# Introduction



## Internship organization background

Satelligence is a company founded in 2016 that specializes in providing satellite-based actionable information by monitoring environmental risks in commodity supply chains and financial investment planning [@satelligence_home_nodate]. More specifically, the company processes terabytes of satellite imagery to detect environmental risks and presents this information to their clients in a web application to assist them in the migration towards more sustainable sourcing models and the compliance with deforestation-free regulations, such as the EUDR [@satelligence_internship_2023].
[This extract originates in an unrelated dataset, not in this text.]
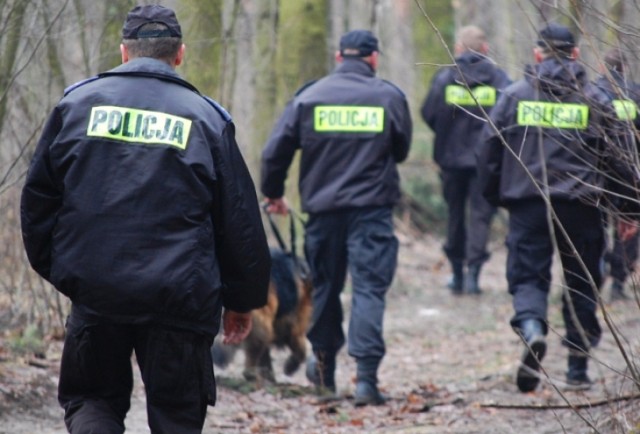 Zaginął, ale szybko go odnaleziono. Pomógł pies tropiący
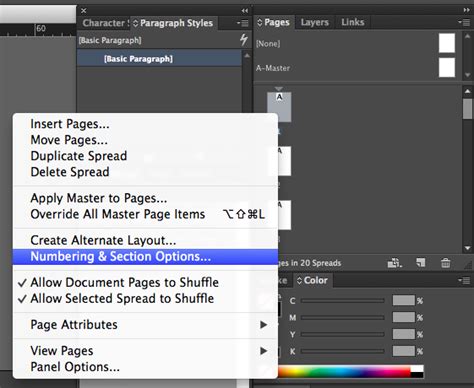 Chapter Numbering InDesign 的图像结果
## Context and justification of research

Satelligence currently employs cloud computing, specifically Kubernetes, to process extensive volumes of satellite imagery amounting to terabytes. While this processing workflow currently runs smoothly, the company’s data team faces challenges when going deeper into the analysis and accessing intermediate results due to the big nature of this data [@satelligence_internship_2023]. Scholars have defined big data as datasets characterized by their high Volume, Velocity, and Variety, which makes it paramount to use advanced processing and analytics techniques to derive relevant insights [@giri_big_2014]. In the specific case of Satelligence, their datasets can be categorized as big data due to their: High volume (Terabytes of satellite images processed every day), high velocity (Near – real time processing of these images) and high variety (Imagery coming from different sensors and regions). All these datasets are a specific case of big data: Big Geodata.
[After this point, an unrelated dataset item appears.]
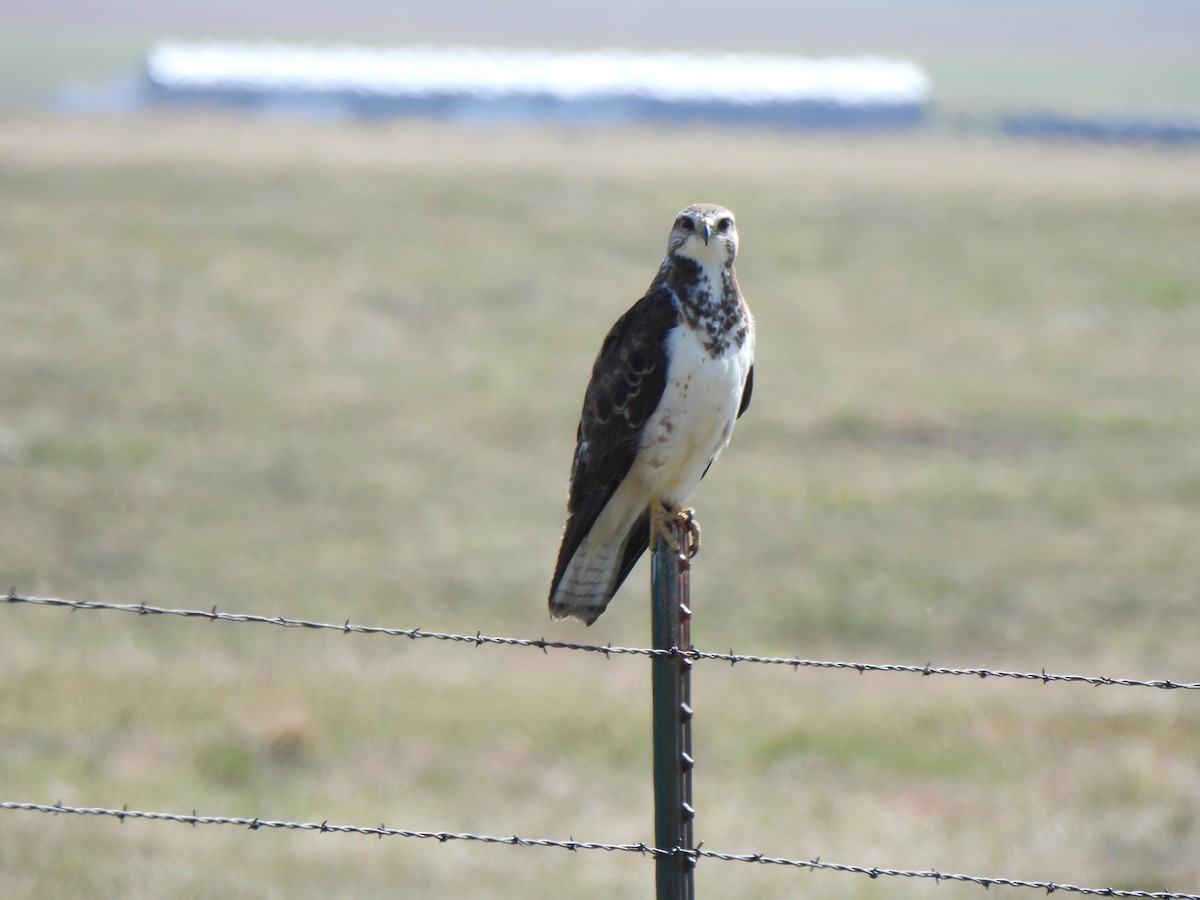 Swainson's Hawk - ML639350848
### Significance of the topic

In the past decades there has been a rapid increase in the amount and size of geospatial information that can be accessed. Nowadays, more than 150 satellites orbit the earth collecting thousands of images every single day [@zhao_scalable_2021]. This has made data handling and the introduction of spatial data infrastructures (SDIs) paramount when working with such big datasets.

Traditionally, SDIs have served to ease the accessibility, integration and analysis of spatial data [@rajabifard_spatial_2001]. However, in practice SDIs have been built upon technologies that focus on data preservation rather than accessibility [@durbha_advances_2023]. Due to this, an important shift is underway towards more cloud-based SDIs. These platforms need the emergence of new technologies that prioritize seamless access to cloud-stored data, efficient discovery services that ensure the easy location of extensive spatial data, and data visualization interfaces where multiple datasets can be depicted.
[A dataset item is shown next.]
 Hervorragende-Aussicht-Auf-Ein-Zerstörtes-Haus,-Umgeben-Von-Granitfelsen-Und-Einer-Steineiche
#### Cloud-based data storage

Spatial data, just like any other type of data, can be catalogued into structured and unstructured data. Structured datasets are often organized and follow a specific structure (i.e. A traditional table with rows (objects) and columns (features)). On the other hand, unstructured data does not have a predefined structure (e.g. Satellite imagery and Time series data) [@mishra_structured_2017]. The management of structured data has witnessed substantial advancements, making it straightforward to handle it systematically using, for instance, relational databases (i.e. With the help of Structured Query Language (SQL)) [@kaufmann_database_2023]. In contrast, due to the additional challenges associated with the handling of unstructured data, the developments in this area have taken a longer time to appear.

The emergence of cloud-based archives has been one of the main advancements for unstructured data management during the last decades. In the specific case of geo-spatial data, it has allowed to store terabytes of unstructured data (i.e. Satellite imagery) on the cloud and access it through the network. However, the necessity transmitting data across networks to access it makes it essential to develop new data formats suited for such purposes [@durbha_advances_2023].

Cloud-Optimized GeoTIFFs ([COGs](https://www.cogeo.org/)) are an example of data formats that have been created to ease the access of data stored in the cloud. They improve the readability by including the metadata in the initial bytes of the file stored and storing different image tiles for different scales. These characteristics make COGs heavier than traditional image formats, however, they also greatly enhance accessibility by enabling the selective transfer of only the necessary tiles [@durbha_advances_2023].

Another cloud native data format that has gained popularity recently is [Zarr](https://zarr.readthedocs.io/en/stable/). This data format and python library focuses on the cloud-optimization of n-dimensional arrays. Zarr differently than COGs store the metadata separately from the data chunks. Normally, using external JSON files [@durbha_advances_2023].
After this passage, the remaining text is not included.